Task prompt: What is needed is a word-for-word transcript of the listing, free of pictures.

══════

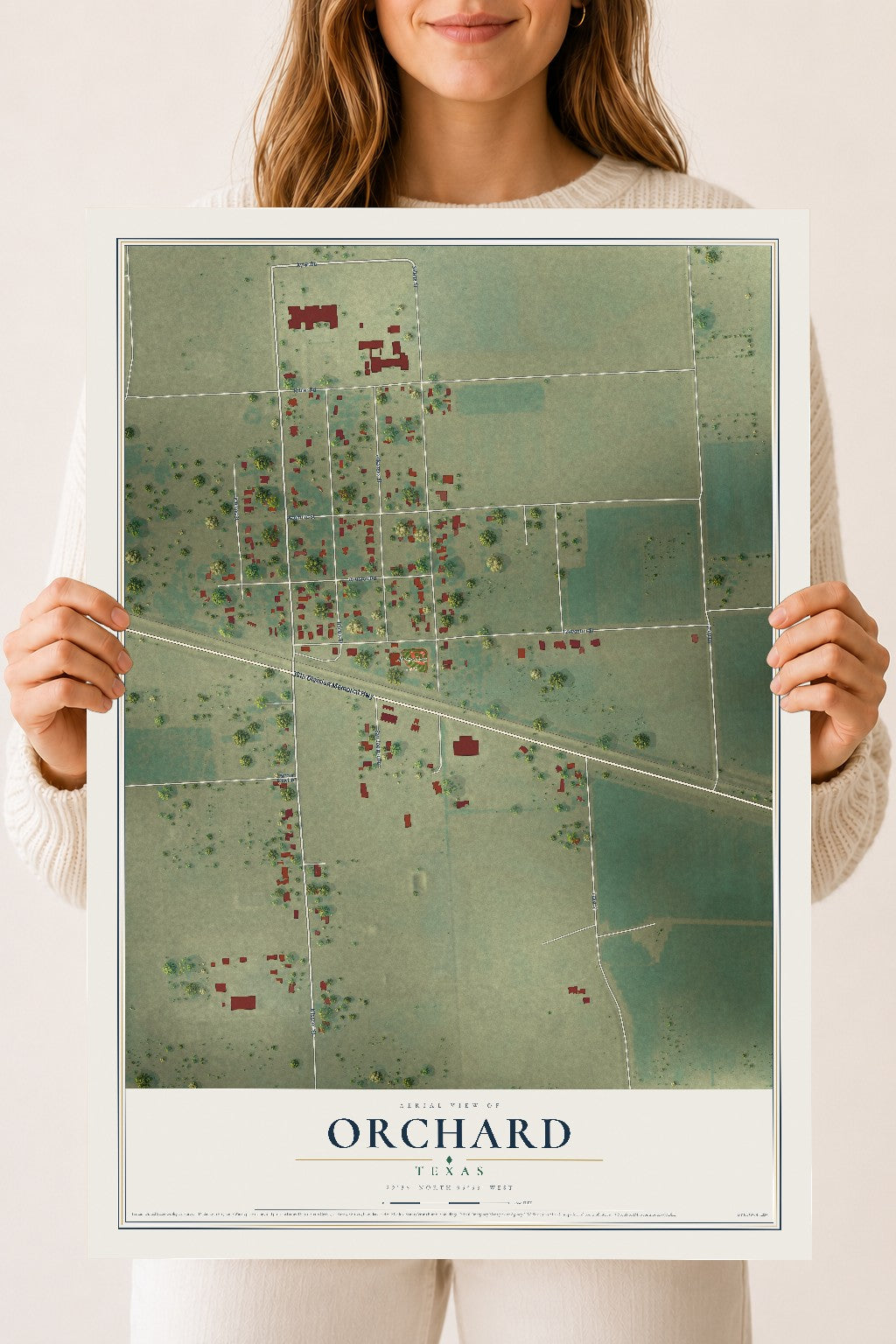 Map of Orchard, Texas, 18 x 24 inch unframed archival matte print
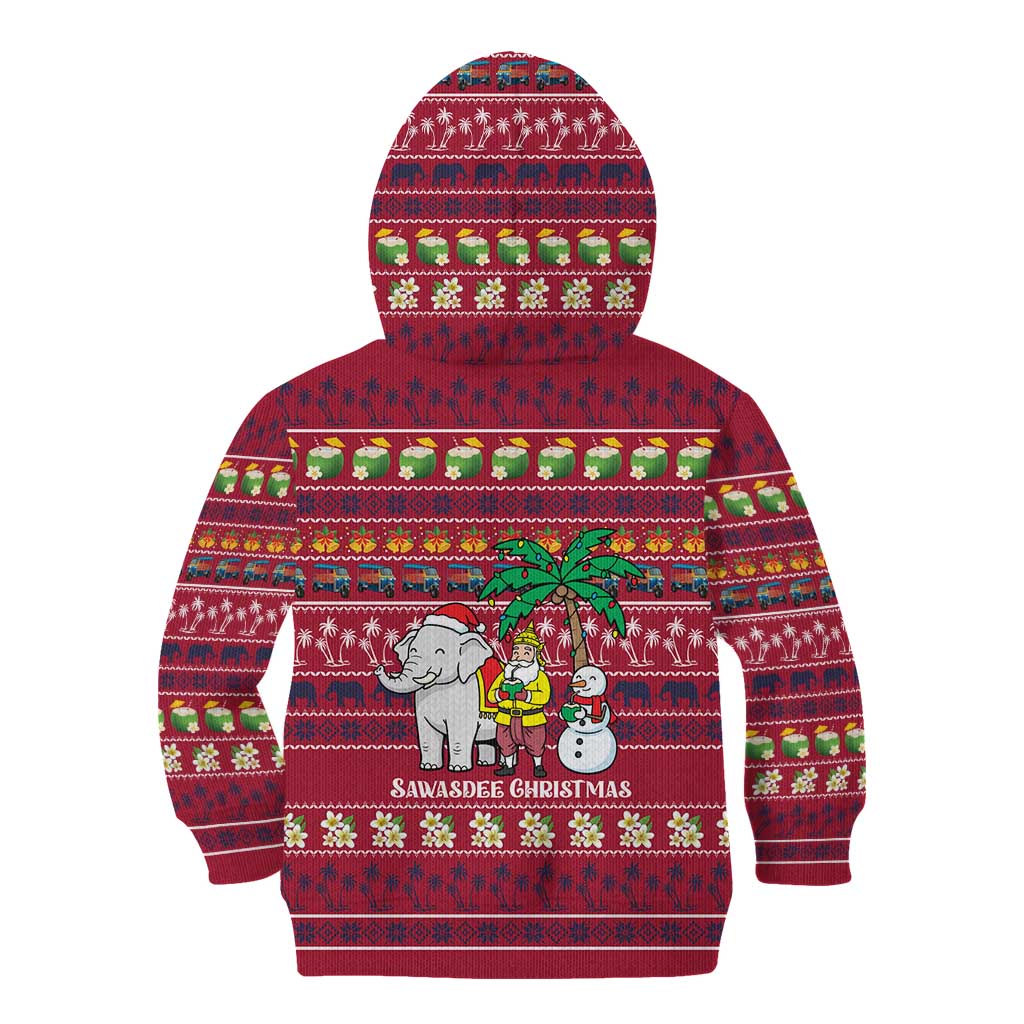 Thailand Christmas Kid Hoodie with Santa Elephant Snowman Palm Tree and Sawasdee Holiday - Wonder Print Shop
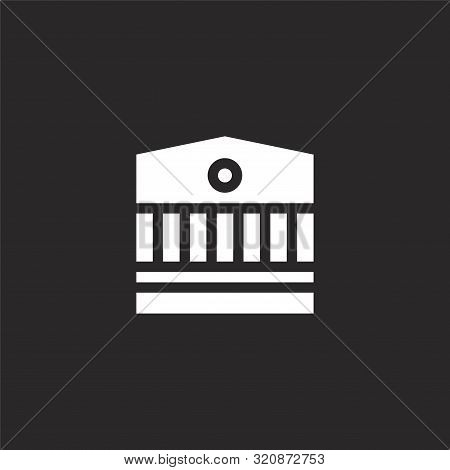Temple Icon. Temple Icon Vector Flat Illustration For Graphic And Web Design Isolated On Black Backg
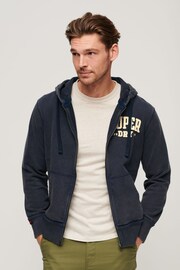 Superdry Rich Navy Vintage Athletic ZIp Hoodie - Image 1 of 6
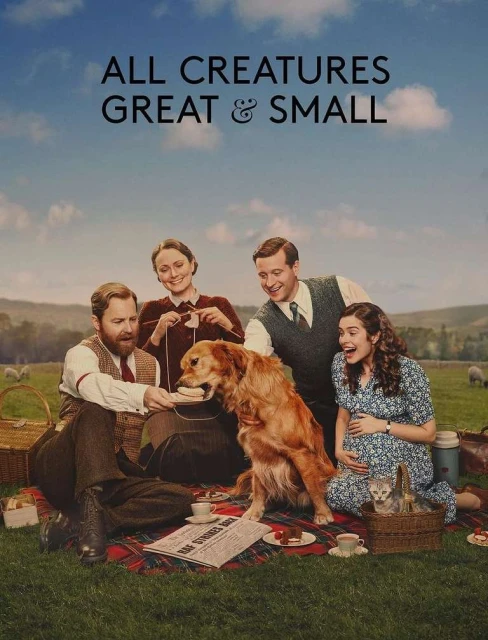 Outdoor picnic scene featuring four adults, a Golden Retriever, and a kitten, set against a scenic backdrop of rolling hills and blue skies.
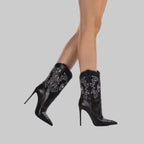 Denim Western Cowboy Boots - Embroidered Stiletto Heel Ankle Boots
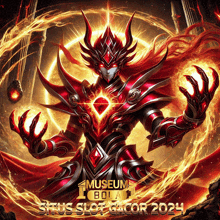 a poster for museum bola sirius slot gacor 2024 with a knight in red armor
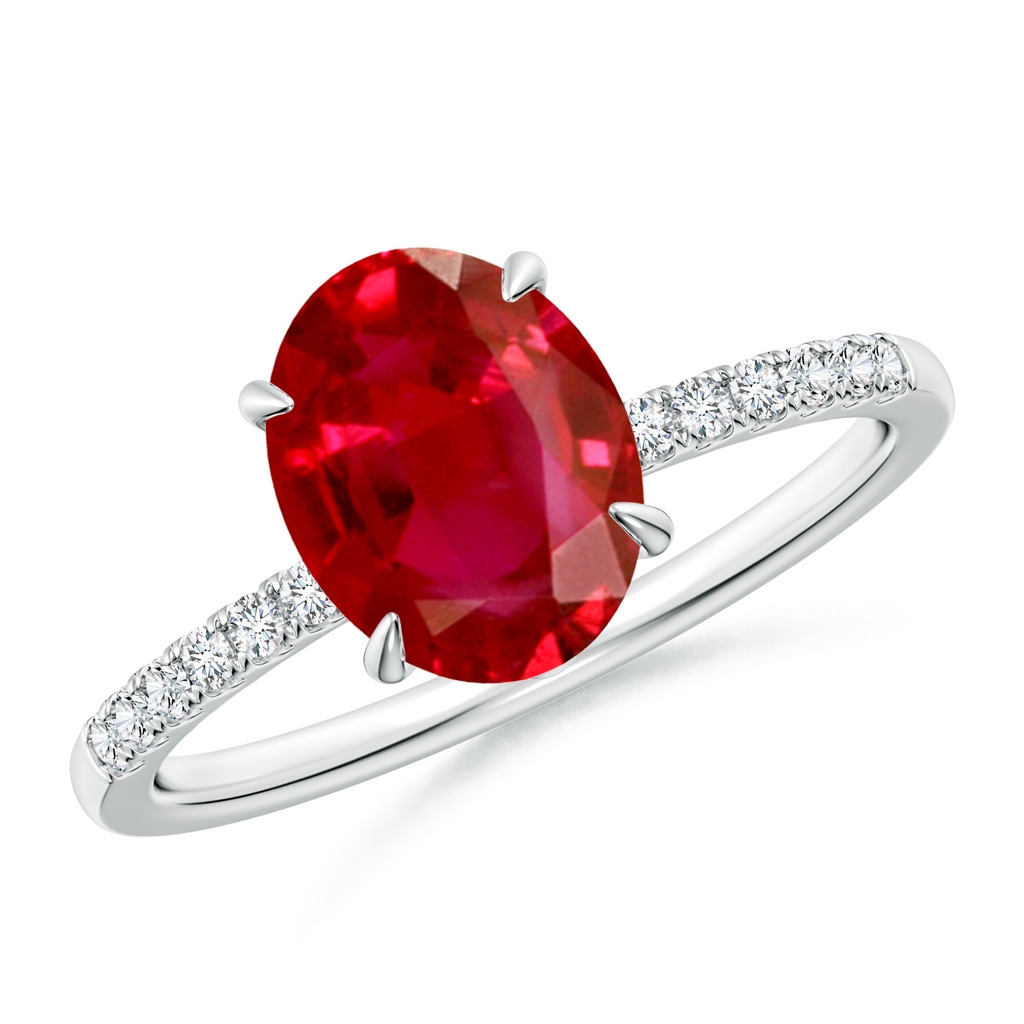9x7mm AAA Oval Ruby Hidden Halo Engagement Ring in White Gold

══════

Expected answer:
 Map of Orchard, Texas, 18 x 24 inch unframed archival matte print
 Thailand Christmas Kid Hoodie with Santa Elephant Snowman Palm Tree and Sawasdee Holiday - Wonder Print Shop
Temple Icon. Temple Icon Vector Flat Illustration For Graphic And Web Design Isolated On Black Backg
 Superdry Rich Navy Vintage Athletic ZIp Hoodie - Image 1 of 6
 Outdoor picnic scene featuring four adults, a Golden Retriever, and a kitten, set against a scenic backdrop of rolling hills and blue skies.
 Denim Western Cowboy Boots - Embroidered Stiletto Heel Ankle Boots
 a poster for museum bola sirius slot gacor 2024 with a knight in red armor
9x7mm AAA Oval Ruby Hidden Halo Engagement Ring in White Gold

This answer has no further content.